TASK ITEM>
In the records below, the line that contains "Badrum|Badrumslampor Vägg <" marks the start. Copy it and each line after it through the end, exactly, without pictures.

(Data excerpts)
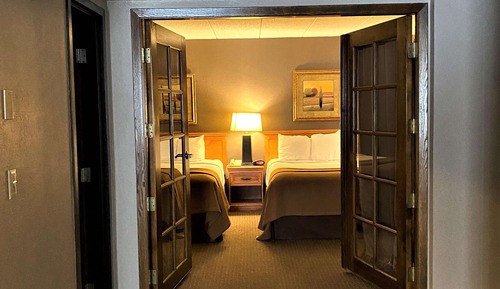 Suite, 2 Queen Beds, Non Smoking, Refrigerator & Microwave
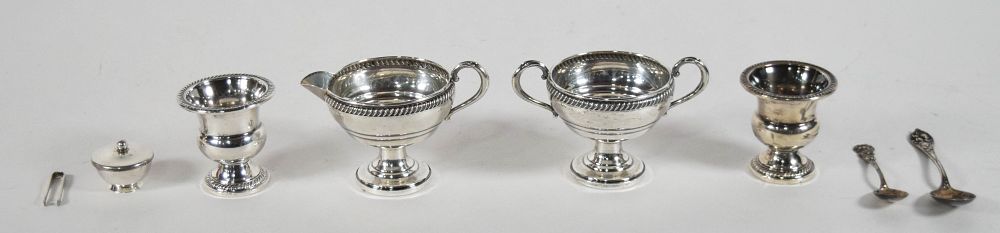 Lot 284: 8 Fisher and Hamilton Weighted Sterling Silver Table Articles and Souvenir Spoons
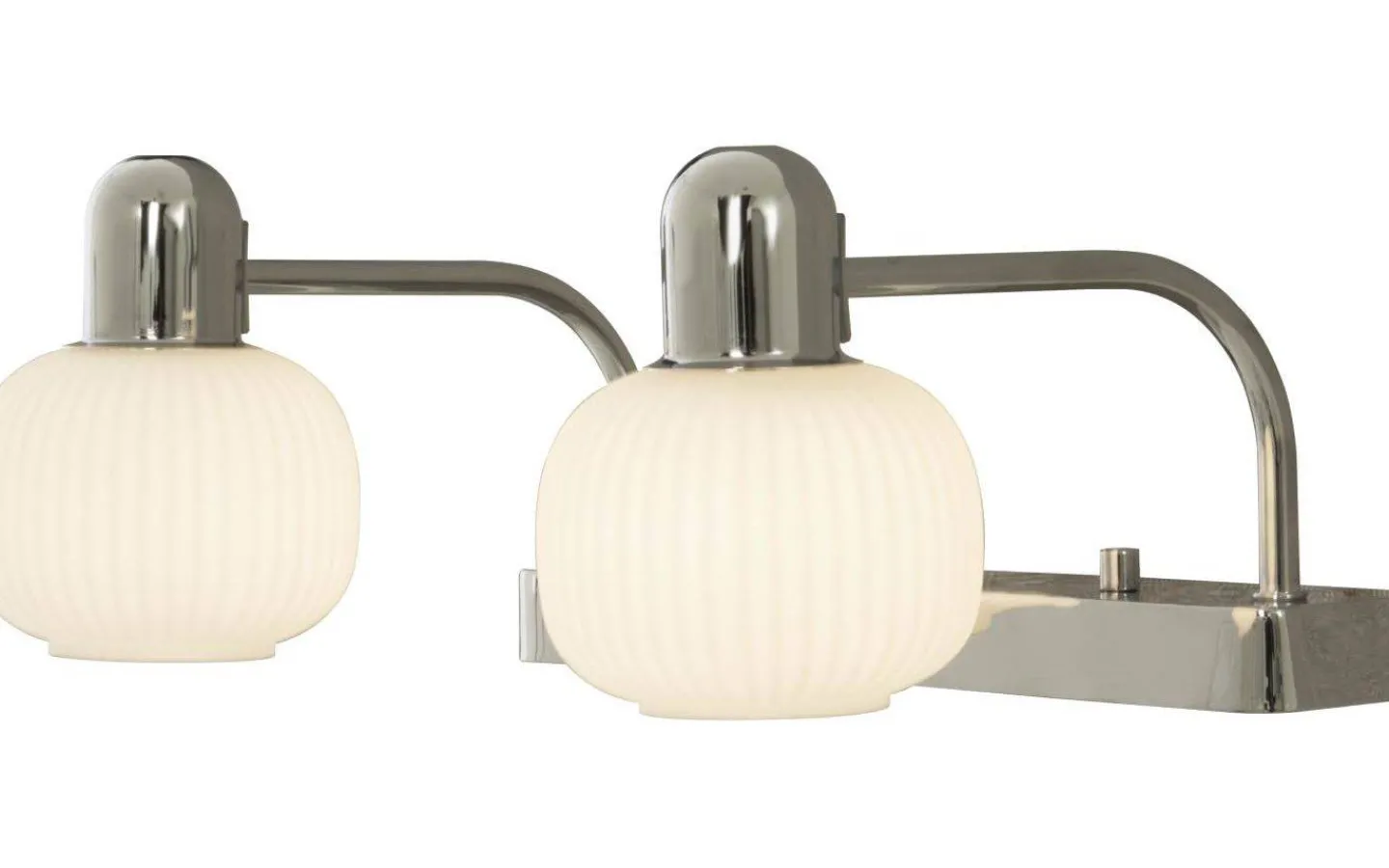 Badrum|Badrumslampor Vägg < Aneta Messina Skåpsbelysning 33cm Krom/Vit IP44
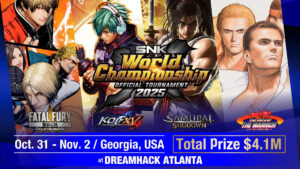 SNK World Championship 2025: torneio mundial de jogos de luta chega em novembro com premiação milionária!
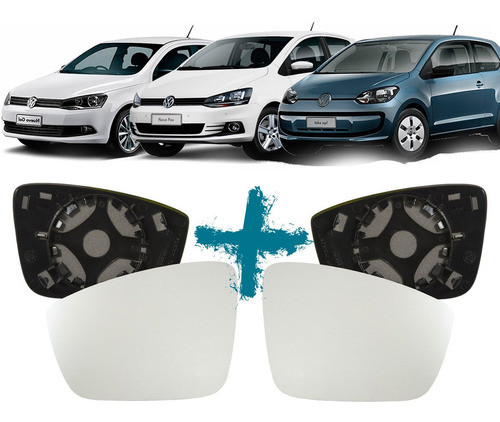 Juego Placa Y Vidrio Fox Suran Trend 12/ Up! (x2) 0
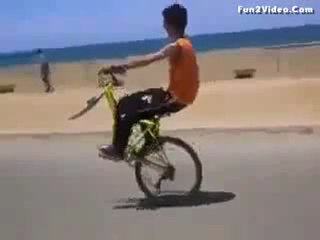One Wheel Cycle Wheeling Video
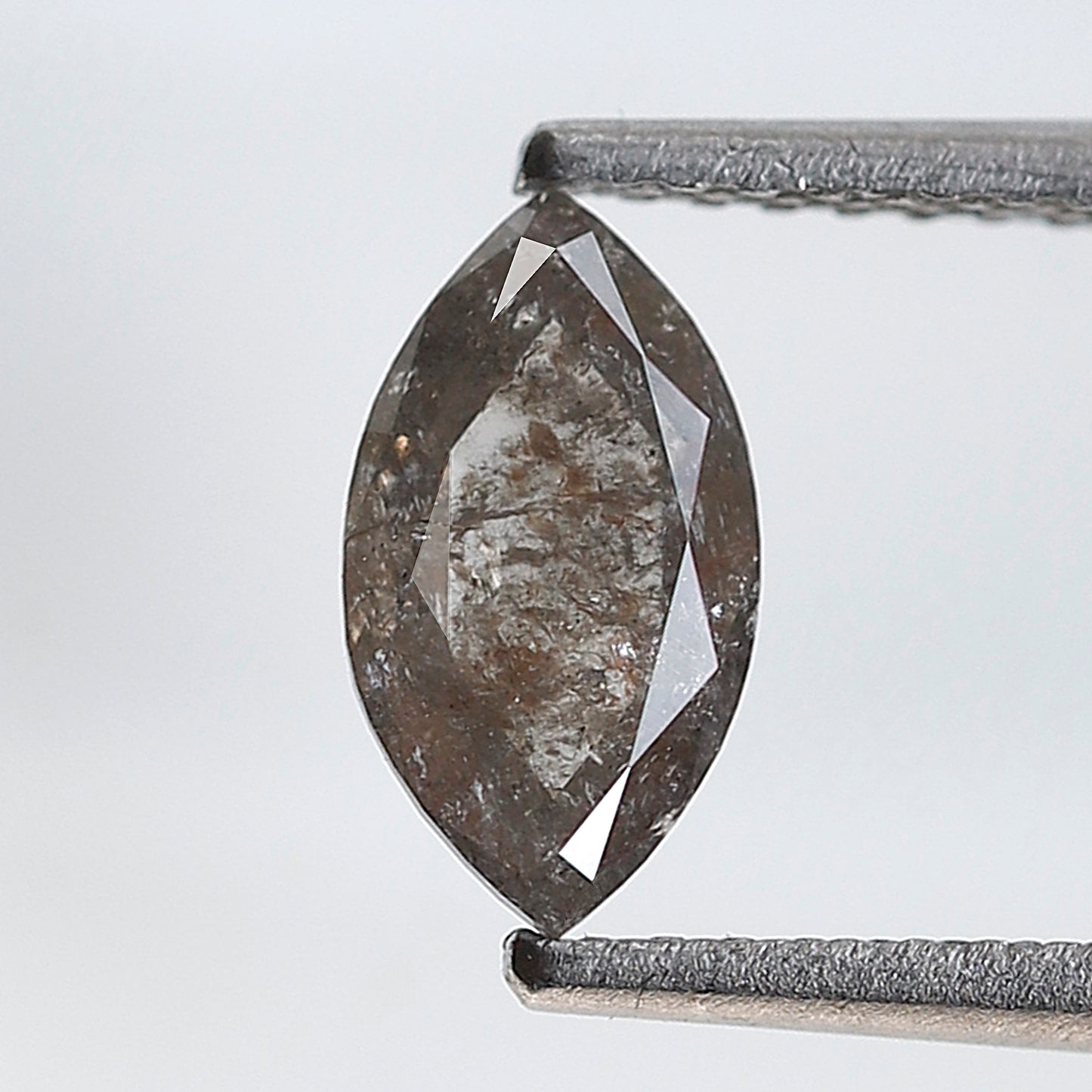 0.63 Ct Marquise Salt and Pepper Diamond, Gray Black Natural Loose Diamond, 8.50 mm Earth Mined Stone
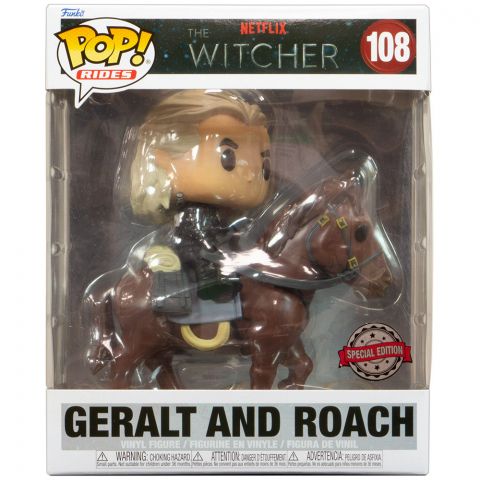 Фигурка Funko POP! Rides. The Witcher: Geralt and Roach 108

RESULT>
 Badrum|Badrumslampor Vägg < Aneta Messina Skåpsbelysning 33cm Krom/Vit IP44
 SNK World Championship 2025: torneio mundial de jogos de luta chega em novembro com premiação milionária!
 Juego Placa Y Vidrio Fox Suran Trend 12/ Up! (x2) 0
One Wheel Cycle Wheeling Video
 0.63 Ct Marquise Salt and Pepper Diamond, Gray Black Natural Loose Diamond, 8.50 mm Earth Mined Stone
 Фигурка Funko POP! Rides. The Witcher: Geralt and Roach 108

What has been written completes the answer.